Presently, the construction of new properties and the repair of the existing deteriorated housing stock in Cuba are possible only by the government or by certain companies that are able to allocate needed building materials to their workers.
An effort started in the 1970s, and which flourished in the 1980s, whereby workers in almost all sectors could build their own houses (microbrigadas). However, the feasibility of carrying out massive new construction through the personal effort of citizens proved insufficient [even during that relatively robust economic period.] For a number of reasons, today such an approach seems hardly imaginable.

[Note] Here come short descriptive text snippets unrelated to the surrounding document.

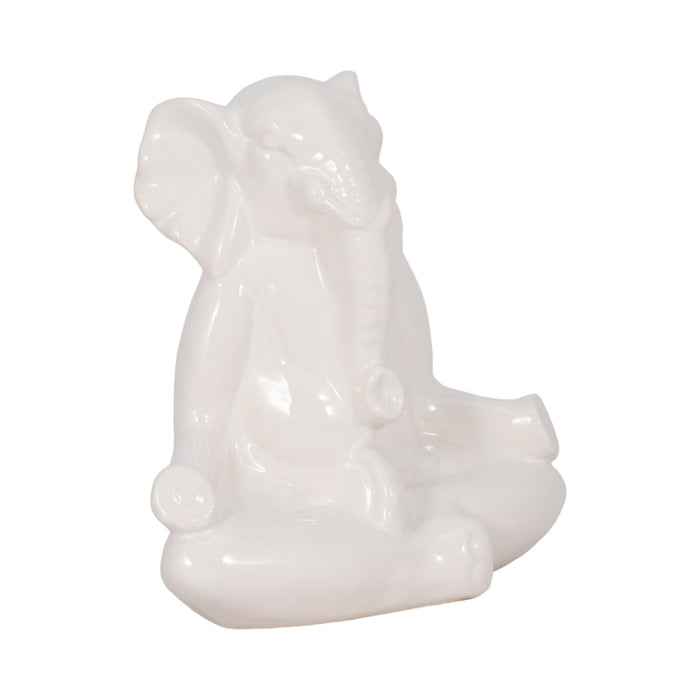 ceramic-7-yoga-elephant-white-2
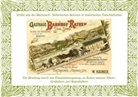 Michael Schmidt, Sonnenblumen-Verlag Dresden - Grüße aus der Sächsisch-Böhmischen Schweiz in historischen Ansichtskarten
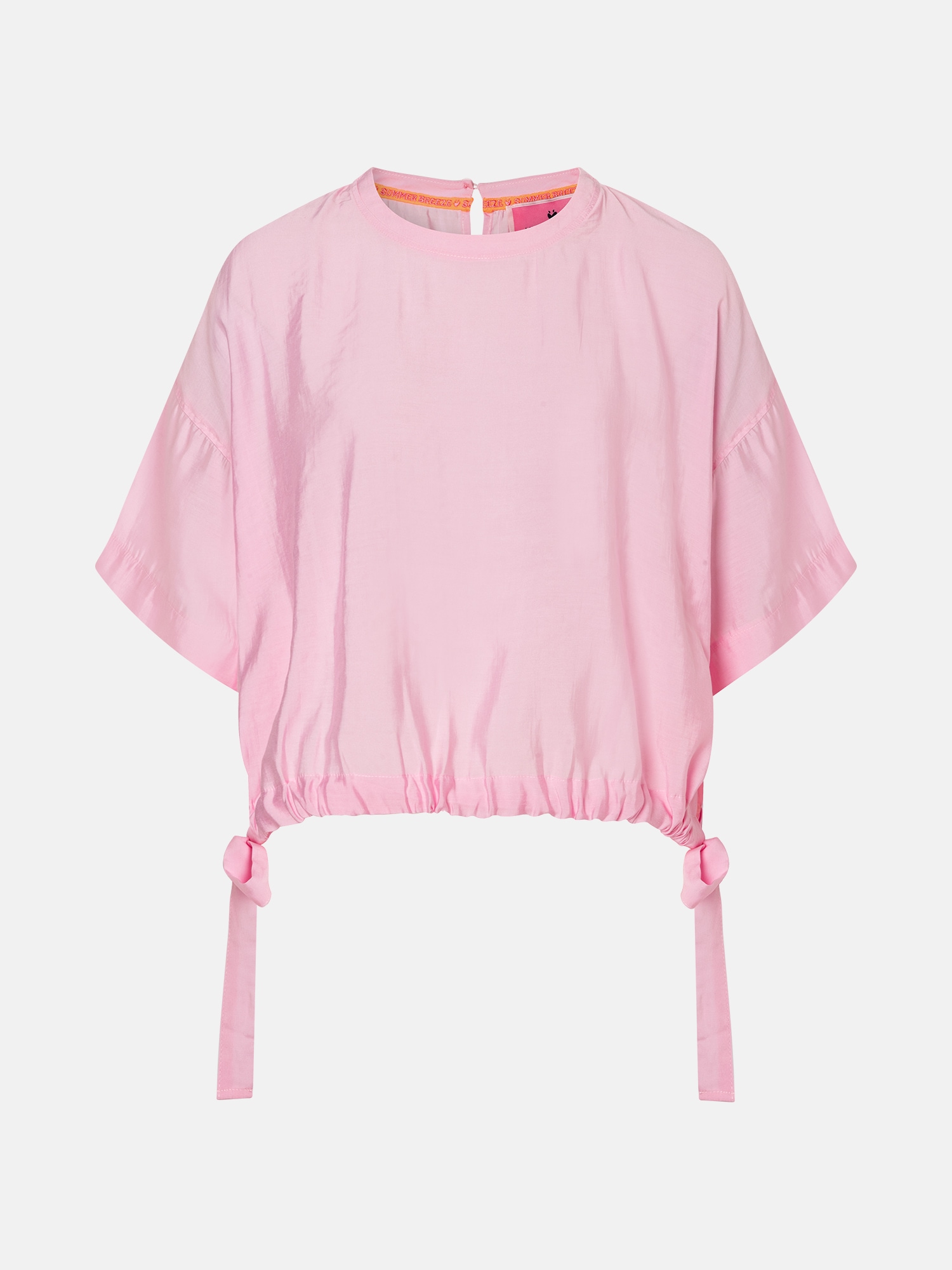 Lieblingsstück Klassische Bluse »FleurL« 87% Viskose, 13% Polyester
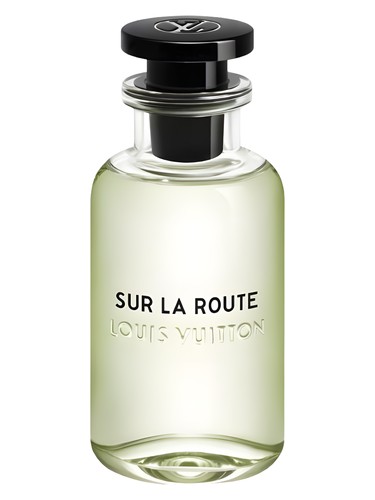عطر ادکلن سور لا روت لویی ویتون - Sur la Route Louis Vuitton - بررسی، قیمت و خرید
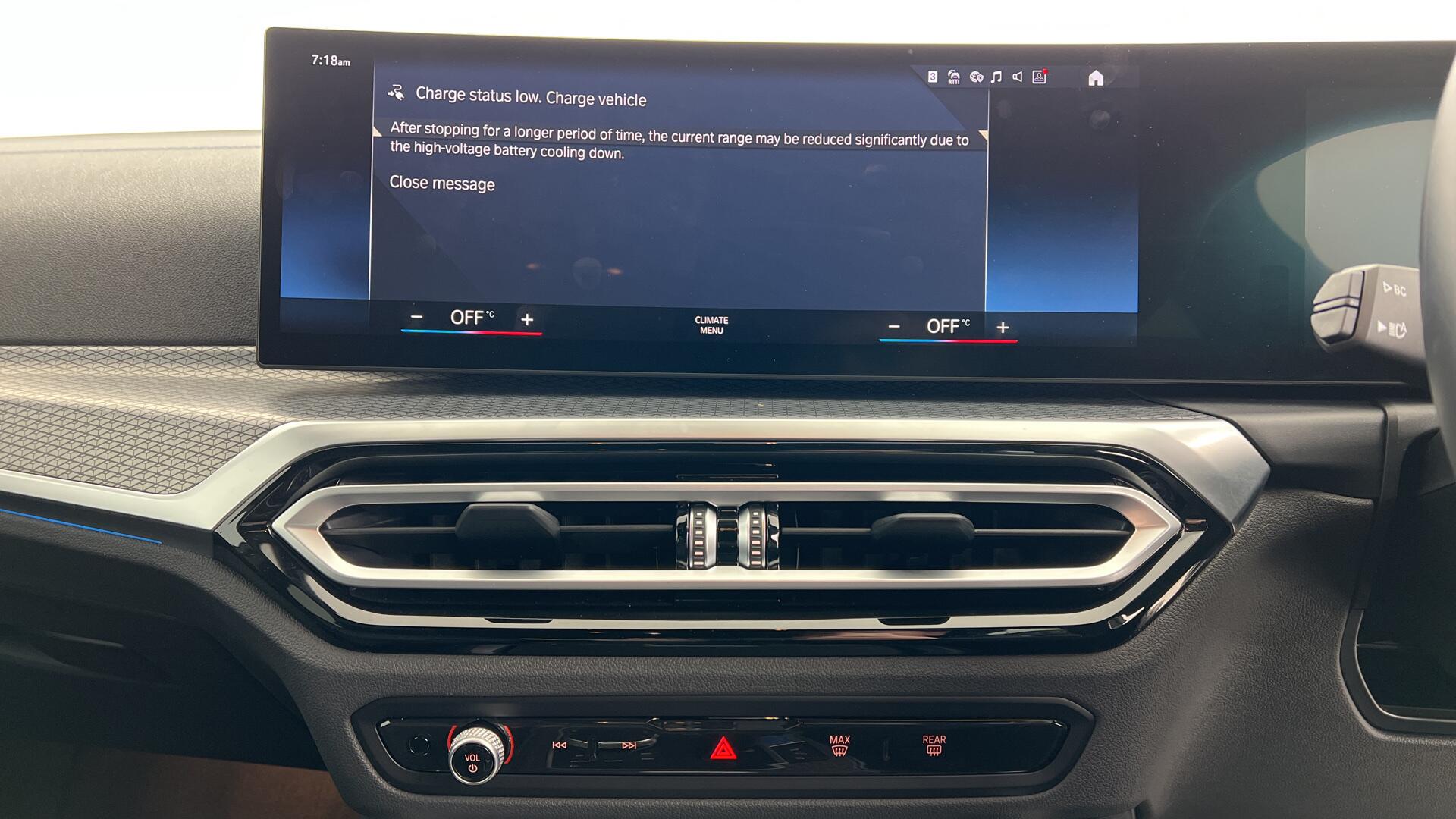 BMW I4 view 8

Firstly, the impossibility of improving or enlarging housing with one’s own resources is expressed in the infeasibility of obtaining certain materials. Steel beams, for example, are not sold anywhere, while acquiring other materials at official prices on the current market is cost prohibitive (a bag of cement sells for $6.60 CUC, that is to say 160 pesos, or 40 percent of the average monthly wage – estimated in 400 pesos). It’s obvious that without supplies being subsidized or supplied by government agencies or companies, it is not possible for Cuban families to undertake substantial home repair or construction work.
Added to this are the incredibly high labor real costs reached in this industry (one square meter of cement plaster can go for as high as 120 pesos in labor alone). The situation is a dead end: a completely altered economic structure in which state wages, real wages, the monetary needs of families and product prices seem to speak completely different languages.
Anyone who has walked deep into the neighborhoods of Havana -or not so deeply- has observed the state of many of its buildings. What jumps out is that few are under repair, practically no new housing is being built and that dilapidation extends out like intractable tentacles. One need only walk down 10 de Octubre Street and look at the physical state of its buildings, or wander through the Luyano neighborhood or the streets of Cerro and note the houses there.
It’s true that in certain points of the country, Venezuelan-sponsored “Petrocasas” are being erected in a few communities affected by the hurricanes. These areas have received materials and technical support for the repair and even the construction of new homes. However, over the years the problem of housing in Cuba has deepened and the condition of the housing stock is increasingly more critical.
Each June 1 marks the beginning of a new hurricane season. Like the early Arawaks who populated our island before the arrival of Columbus, from time to time will look up at the sky thinking of that demonic and brutal force that can devastate everything around.
But in addition to looking – or praying, like some do – it may also be necessary to alter certain economic structures and political intentions that permit us to better prepare ourselves for the hurricane that will arrive, sooner or later.
The drama of 2008 could be an irreversible tragedy that reaches unimaginable extremes given the state of physical deterioration of our cities, especially in Havana.
*Havana Times translation of the original article published in Spanish by IPS.
I especially liked the historic and ethnographic aspects you have interwoven with your story. The magical thinking of the Arawaks regarding hurricanes echoes the magical thinking which still persists today regarding housing. Amongst the prime reasons for people coming together in society is security, and housing is a basic aspect of this security. If the days of the micro-brigades are past, the Revolution should be able to figure out some other way to facilitate the bringing together of people and materials to construct the housing. needed.